**Exercise description**:
Each entry should be copied as it stands, leaving the pictures behind.

**Stored data**:
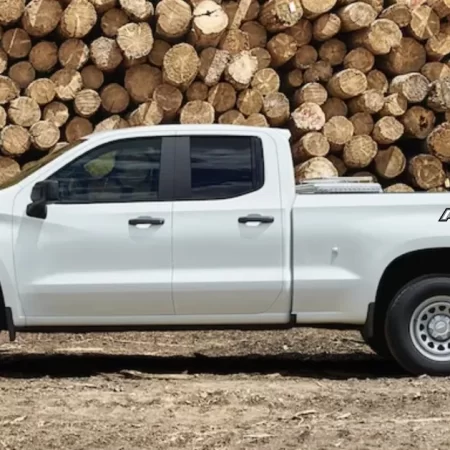 Stickers Calcomania Nissan Frontier Pro4x 2020 - 2023 Vinil - Image 3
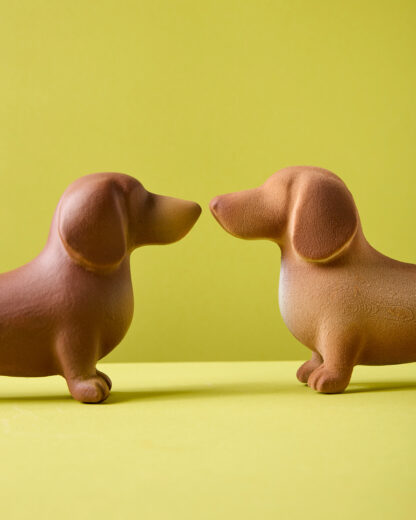 Perro salchicha Pipacho - Image 4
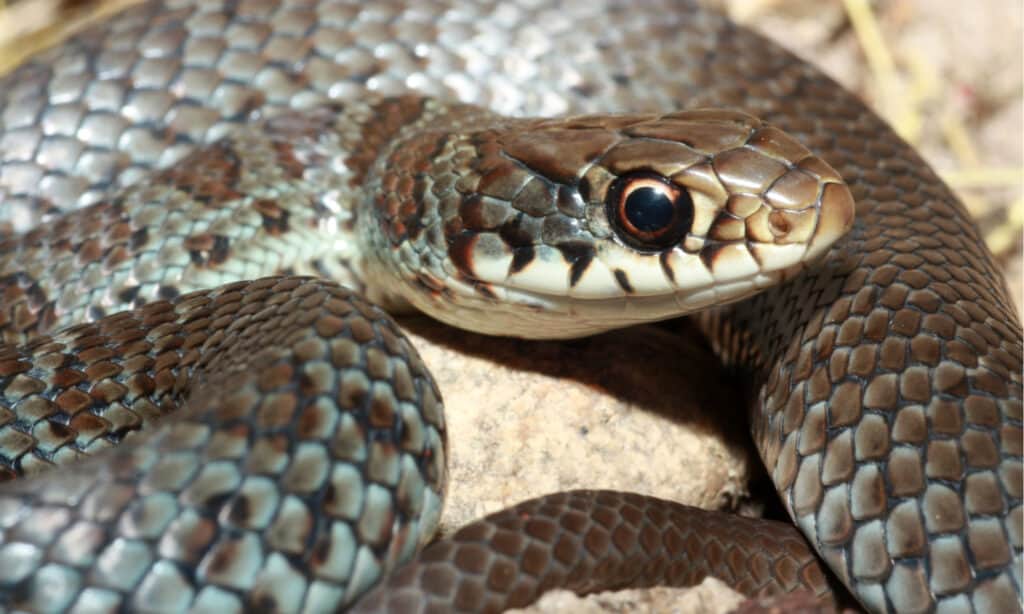 Крупный план головы змеи Blue Racer (Coluber constrictor foxii), подвида Eastern Racer.  У этой особи развивается синяя окраска взрослой особи, но все еще есть пятнистый рисунок ювенильных особей.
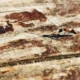 termite inspection virginia beach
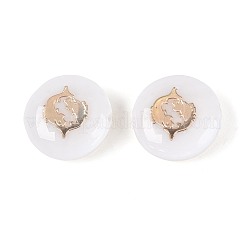 Natural Freshwater Shell Beads&nbsp;SHEL-N037-02C-G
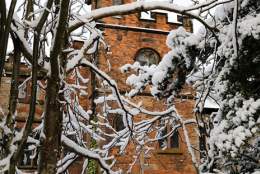 Festive Wreath Making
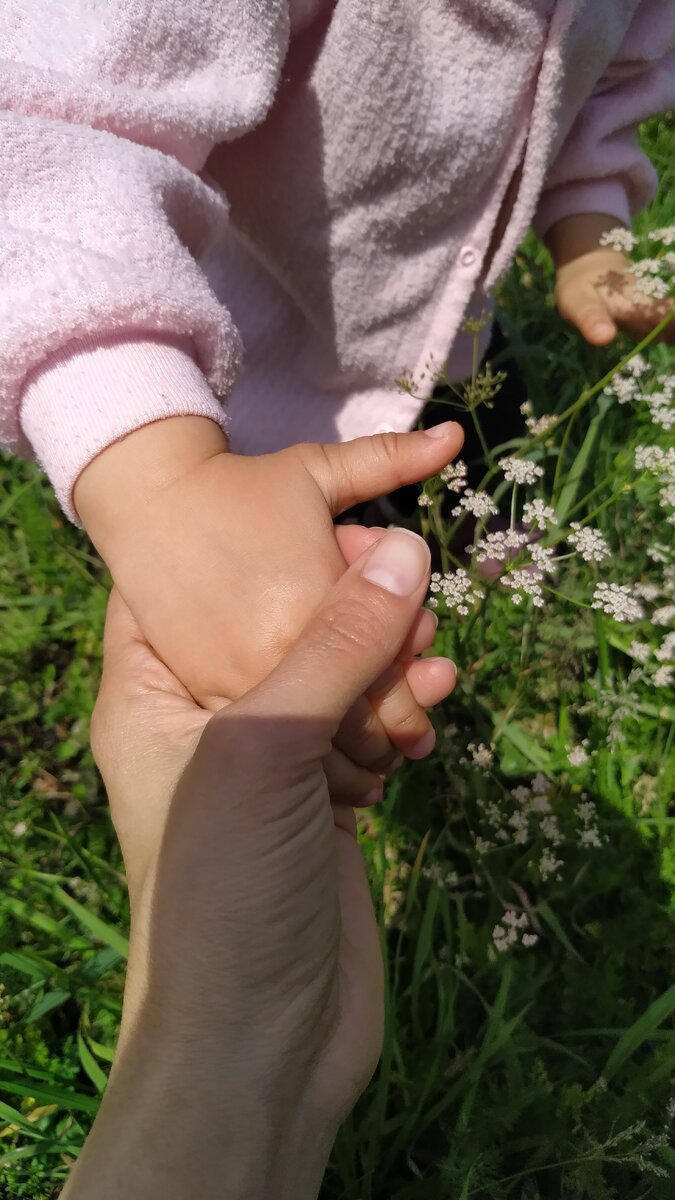 Скоро будем проходить адаптацию в саду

**Exercise solution**:
 Stickers Calcomania Nissan Frontier Pro4x 2020 - 2023 Vinil - Image 3
 Perro salchicha Pipacho - Image 4
 Крупный план головы змеи Blue Racer (Coluber constrictor foxii), подвида Eastern Racer.  У этой особи развивается синяя окраска взрослой особи, но все еще есть пятнистый рисунок ювенильных особей.
 termite inspection virginia beach
 Natural Freshwater Shell Beads&nbsp;SHEL-N037-02C-G
 Festive Wreath Making
 Скоро будем проходить адаптацию в саду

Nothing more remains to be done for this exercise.